Social and economic justice advocacy group, the Zimbabwe Coalition on Debt and Development (ZIMCODD) has decried the Health Service Amendment Bill saying it is not addressing challenges being faced in the health sector.

According to the government, the bill seeks to align the Health Service Act to the Constitution. This will be attained by designating the Health Service as a Commission and provide for the functions of such Commission. The Bill also discusses the parameters of collective job action by the Health Service personnel.

In a monthly compilation for March, ZIMCODD said there is need for commitment by the Government to address grievances by health professionals.

“The intention of the Bill is problematic because it is undemocratic with respect to the right to strike of health employees, but it is also happening in a context where the accumulation of strikes and poor service delivery has had a negative impact on the lives of patients.

“Therefore, to preserve life that is lost during strikes, the bill moved in to regulate the conduct of strike, its nature and period. Nonetheless, in terms of social and economic justice, the Bill is blind as it does not address the challenges being faced by the health sector.

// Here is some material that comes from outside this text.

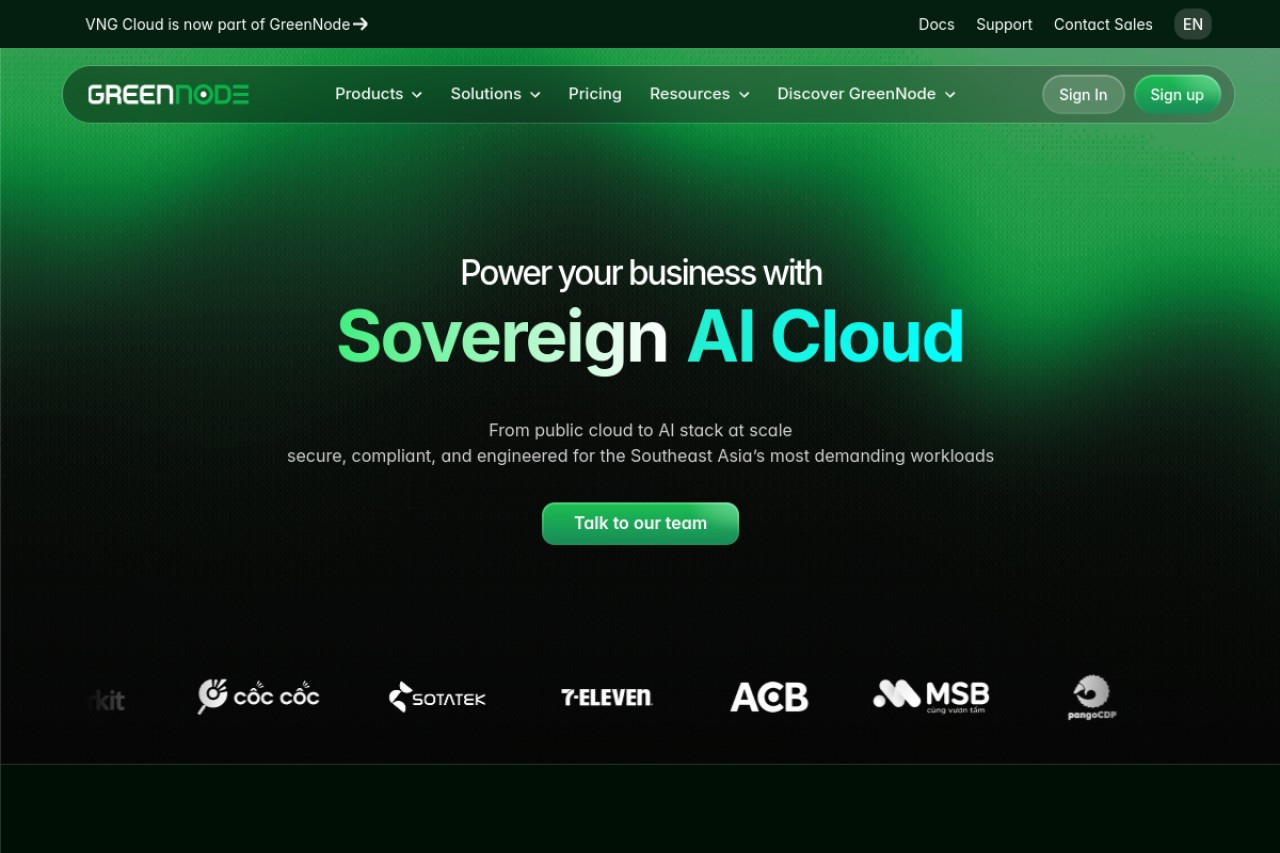 GreenNode官网截图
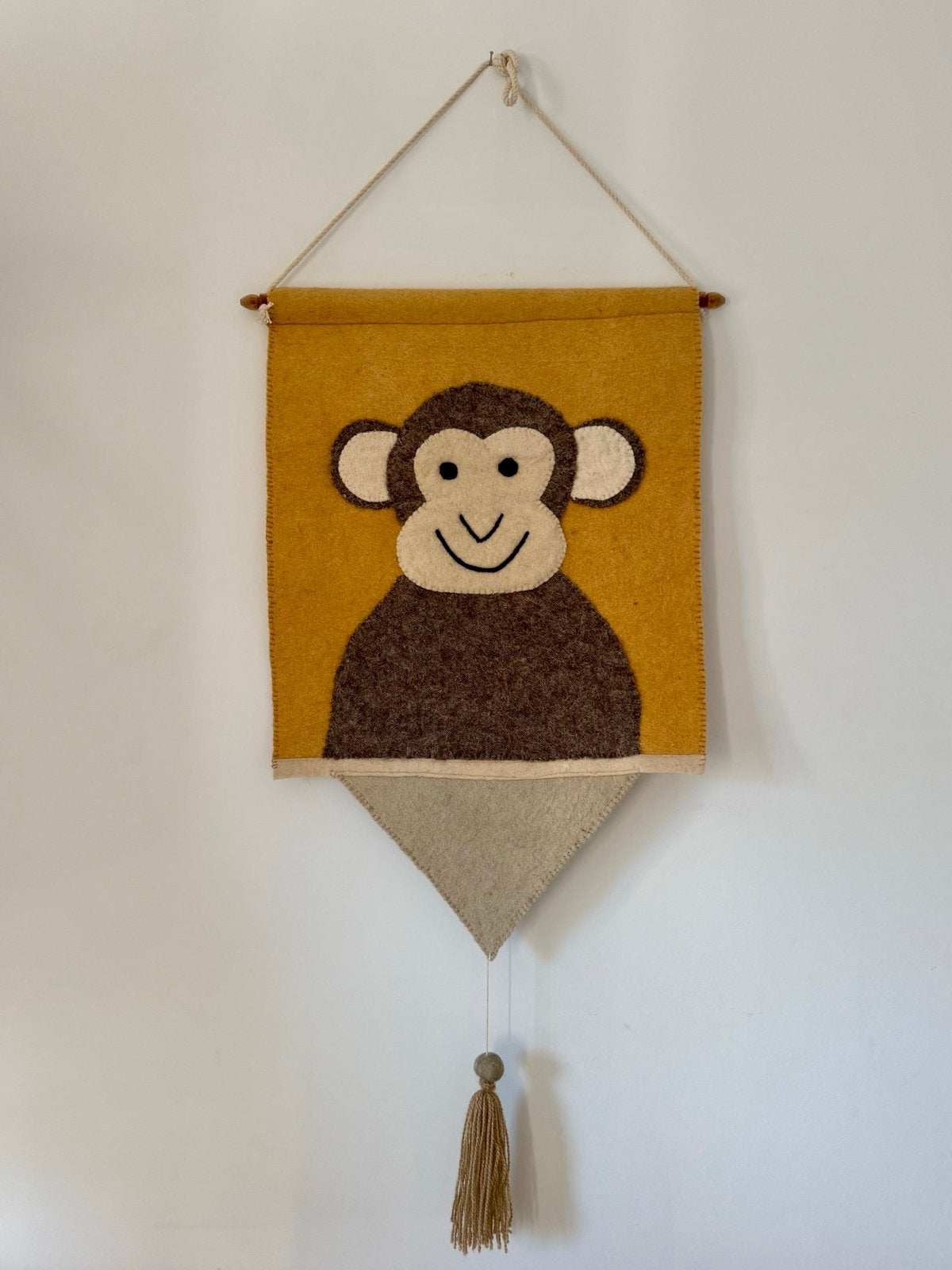 Wandkleed Aap - Vilt Decoratie Kinderkamer, Overige stijlen, Ophalen of Verzenden, Zo goed als nieuw, Textiel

“The creation of the Commission does not bring anything positive with respect to the revitalisation of the health sector as it neglects the underlining dynamics that are militating against optimum health service. These include but not limited to poor remunerations, dilapidating infrastructure, unavailability of medicine and brain drain. The health sector is not in need of an amendment bill as there are numerous policies and legislative frameworks that are already in place. It only needs commitment by the government to address the legitimate concerns of Health Service professionals without undermining fundamental rights and freedoms,” said ZIMCODD.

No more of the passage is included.